The Christian Science Monitor has published an article, “Why climate change divides us” that highlights differences in climate change politics and beliefs found in two Colorado counties: Weld and Larimer. In sum: Weld County is a conservative community with an economy strongly linked to petrochemical production. Larimer County is critical of the way its neighbor earns its living.
I live in Larimer County but have earned a living driving fracking water to and from fracking sites in Weld County, including Wells Ranch (an area of intense fracking that is referenced in the article.)
This is to say, I have a dog in the fight.
In the coming months, I will seek out Distributist ideas that might bridge the divide explained in the article. I do believe that the climate is changing and that at least a portion of that change is anthropogenic.
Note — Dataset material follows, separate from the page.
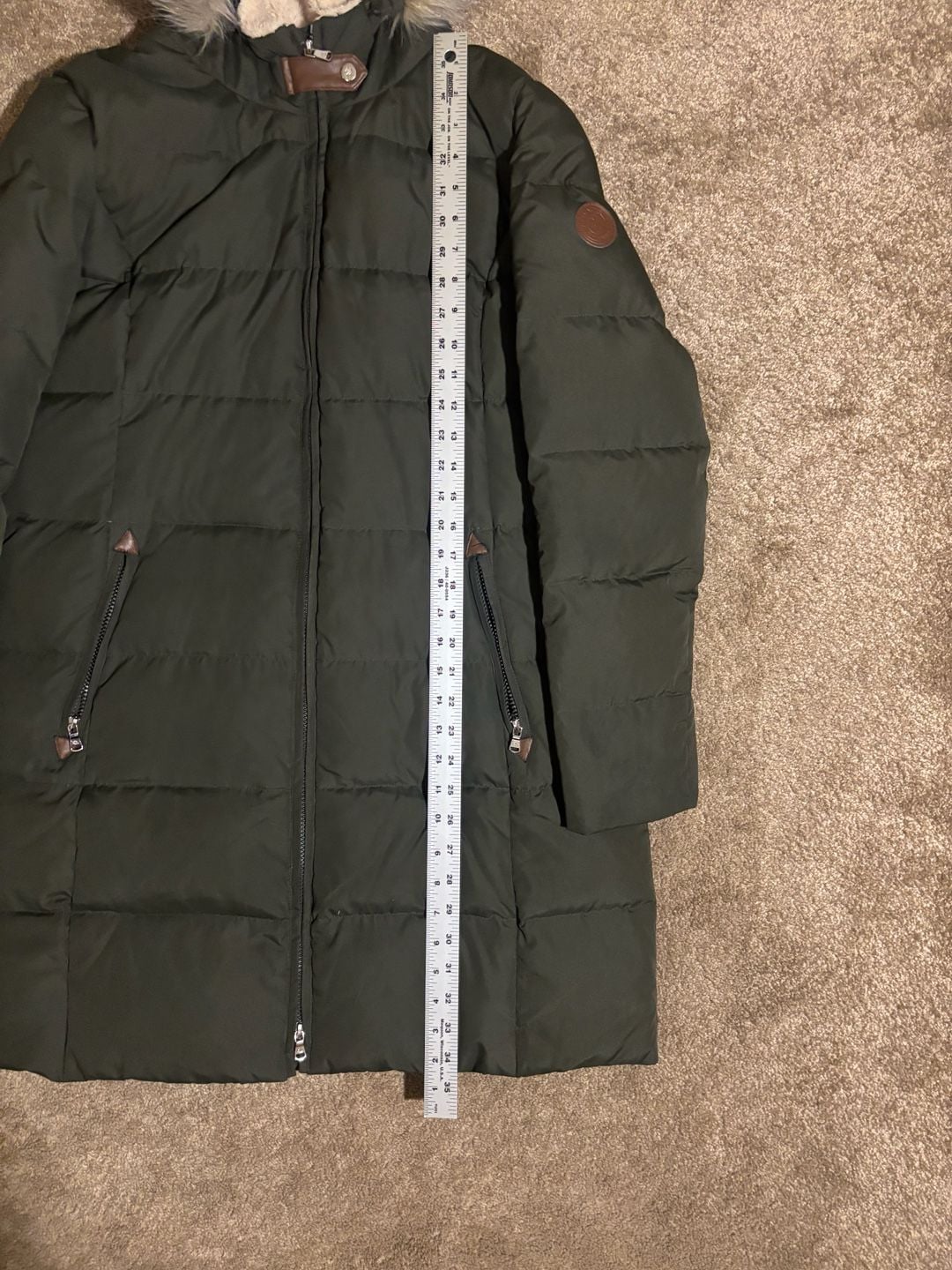 Lauren Ralph Lauren Womens Large Olive Green Goose Down Packable Puffer Coat 8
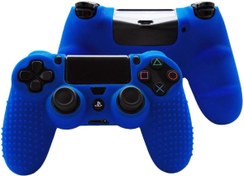 Resim cosmostech Ps4 Controller Joystick Oyun Kolu Gamepad Uyumlu - Silikon Koruyucu cover Mavi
I also think that some of the best paying jobs to be found in Northern Colorado are in the oil field. When I left the field, in 2014, oil was over $100/barrel, now it’s about $45. So there are fewer of those good jobs there, although in a market economy, it is only logical to expect demand for petrochemicals to grow as price falls. Perhaps production is moving to places with lower costs of extraction… Saudi Arabia, for instance.
As for Larimer… I think it is and will be a good laboratory for social solutions. In 2014, coal provided 74.2% of the electrical energy to Fort Collins, Loveland, Longmont (Boulder County), and Estes Park.
Climate change is a dog’s breakfast. I recommend the Monitor article.